TASK PROMPT » Below are several entries. Transcribe exactly those lines that fall from the one with "Used 2020 GMC" through the one with "Athen, Griechenland. 31", end lines included.

Collection entries
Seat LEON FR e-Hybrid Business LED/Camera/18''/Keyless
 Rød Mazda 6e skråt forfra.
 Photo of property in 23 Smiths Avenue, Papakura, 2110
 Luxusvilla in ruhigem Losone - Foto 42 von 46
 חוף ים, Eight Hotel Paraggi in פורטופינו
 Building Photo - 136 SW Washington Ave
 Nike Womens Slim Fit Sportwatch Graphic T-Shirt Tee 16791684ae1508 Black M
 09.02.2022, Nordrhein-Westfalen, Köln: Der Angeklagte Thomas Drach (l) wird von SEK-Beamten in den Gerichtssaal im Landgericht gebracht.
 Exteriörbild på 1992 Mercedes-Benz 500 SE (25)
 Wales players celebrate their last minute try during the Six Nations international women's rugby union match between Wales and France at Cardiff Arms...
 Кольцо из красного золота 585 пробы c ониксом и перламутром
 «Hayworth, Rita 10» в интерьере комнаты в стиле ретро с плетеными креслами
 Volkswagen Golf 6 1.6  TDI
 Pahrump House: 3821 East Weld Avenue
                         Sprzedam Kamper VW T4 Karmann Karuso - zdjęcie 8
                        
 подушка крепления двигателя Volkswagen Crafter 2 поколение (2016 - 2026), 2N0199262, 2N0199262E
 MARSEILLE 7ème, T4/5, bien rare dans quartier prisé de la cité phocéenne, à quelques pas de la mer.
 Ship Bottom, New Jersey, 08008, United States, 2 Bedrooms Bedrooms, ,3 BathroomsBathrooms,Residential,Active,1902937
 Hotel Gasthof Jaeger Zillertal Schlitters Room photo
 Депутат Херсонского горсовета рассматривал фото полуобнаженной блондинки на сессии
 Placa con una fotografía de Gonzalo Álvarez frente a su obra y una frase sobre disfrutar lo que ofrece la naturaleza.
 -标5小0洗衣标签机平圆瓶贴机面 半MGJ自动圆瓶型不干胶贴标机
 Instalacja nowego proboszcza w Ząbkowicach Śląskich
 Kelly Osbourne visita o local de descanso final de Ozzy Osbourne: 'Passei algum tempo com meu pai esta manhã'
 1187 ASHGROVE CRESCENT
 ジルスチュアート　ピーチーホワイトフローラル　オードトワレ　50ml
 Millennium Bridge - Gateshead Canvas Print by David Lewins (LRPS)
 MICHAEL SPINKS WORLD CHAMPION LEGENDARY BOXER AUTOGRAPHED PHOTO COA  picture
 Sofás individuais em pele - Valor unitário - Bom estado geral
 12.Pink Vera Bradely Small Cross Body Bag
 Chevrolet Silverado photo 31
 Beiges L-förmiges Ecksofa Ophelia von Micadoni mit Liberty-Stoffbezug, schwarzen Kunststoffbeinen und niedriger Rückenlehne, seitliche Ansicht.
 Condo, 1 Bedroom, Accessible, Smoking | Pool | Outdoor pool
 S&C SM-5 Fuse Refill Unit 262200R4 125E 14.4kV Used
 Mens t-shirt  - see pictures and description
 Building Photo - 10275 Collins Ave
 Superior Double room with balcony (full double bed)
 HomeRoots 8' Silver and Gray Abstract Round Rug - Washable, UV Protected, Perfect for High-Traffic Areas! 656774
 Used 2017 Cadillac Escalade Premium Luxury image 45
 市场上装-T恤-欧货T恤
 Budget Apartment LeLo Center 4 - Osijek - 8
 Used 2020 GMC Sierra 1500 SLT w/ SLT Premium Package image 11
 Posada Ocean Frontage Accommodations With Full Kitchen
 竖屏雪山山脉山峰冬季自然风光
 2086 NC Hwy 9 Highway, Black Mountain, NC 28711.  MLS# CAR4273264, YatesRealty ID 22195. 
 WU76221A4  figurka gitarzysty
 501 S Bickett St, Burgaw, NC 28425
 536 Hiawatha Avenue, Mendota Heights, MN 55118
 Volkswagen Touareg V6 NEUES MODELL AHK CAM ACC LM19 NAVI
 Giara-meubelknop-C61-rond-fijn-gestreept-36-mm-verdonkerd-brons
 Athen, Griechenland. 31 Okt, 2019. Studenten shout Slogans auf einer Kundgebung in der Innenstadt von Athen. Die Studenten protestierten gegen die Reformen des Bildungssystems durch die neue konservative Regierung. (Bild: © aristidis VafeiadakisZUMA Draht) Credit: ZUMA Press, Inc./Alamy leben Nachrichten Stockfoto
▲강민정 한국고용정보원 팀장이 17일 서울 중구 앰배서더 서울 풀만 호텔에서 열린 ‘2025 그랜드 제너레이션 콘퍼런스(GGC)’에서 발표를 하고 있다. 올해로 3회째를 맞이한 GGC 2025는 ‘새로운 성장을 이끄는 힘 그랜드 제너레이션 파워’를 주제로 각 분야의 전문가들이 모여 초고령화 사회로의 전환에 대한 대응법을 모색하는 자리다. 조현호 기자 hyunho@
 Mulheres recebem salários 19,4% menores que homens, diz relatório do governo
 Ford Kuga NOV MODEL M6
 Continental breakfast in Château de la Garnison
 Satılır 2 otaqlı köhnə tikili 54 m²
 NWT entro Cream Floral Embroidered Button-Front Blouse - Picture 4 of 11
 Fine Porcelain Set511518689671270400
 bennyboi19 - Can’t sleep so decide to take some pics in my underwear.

WRITTEN REPLY »
 Used 2020 GMC Sierra 1500 SLT w/ SLT Premium Package image 11
 Posada Ocean Frontage Accommodations With Full Kitchen
 竖屏雪山山脉山峰冬季自然风光
 2086 NC Hwy 9 Highway, Black Mountain, NC 28711.  MLS# CAR4273264, YatesRealty ID 22195. 
 WU76221A4  figurka gitarzysty
 501 S Bickett St, Burgaw, NC 28425
 536 Hiawatha Avenue, Mendota Heights, MN 55118
 Volkswagen Touareg V6 NEUES MODELL AHK CAM ACC LM19 NAVI
 Giara-meubelknop-C61-rond-fijn-gestreept-36-mm-verdonkerd-brons
 Athen, Griechenland. 31 Okt, 2019. Studenten shout Slogans auf einer Kundgebung in der Innenstadt von Athen. Die Studenten protestierten gegen die Reformen des Bildungssystems durch die neue konservative Regierung. (Bild: © aristidis VafeiadakisZUMA Draht) Credit: ZUMA Press, Inc./Alamy leben Nachrichten Stockfoto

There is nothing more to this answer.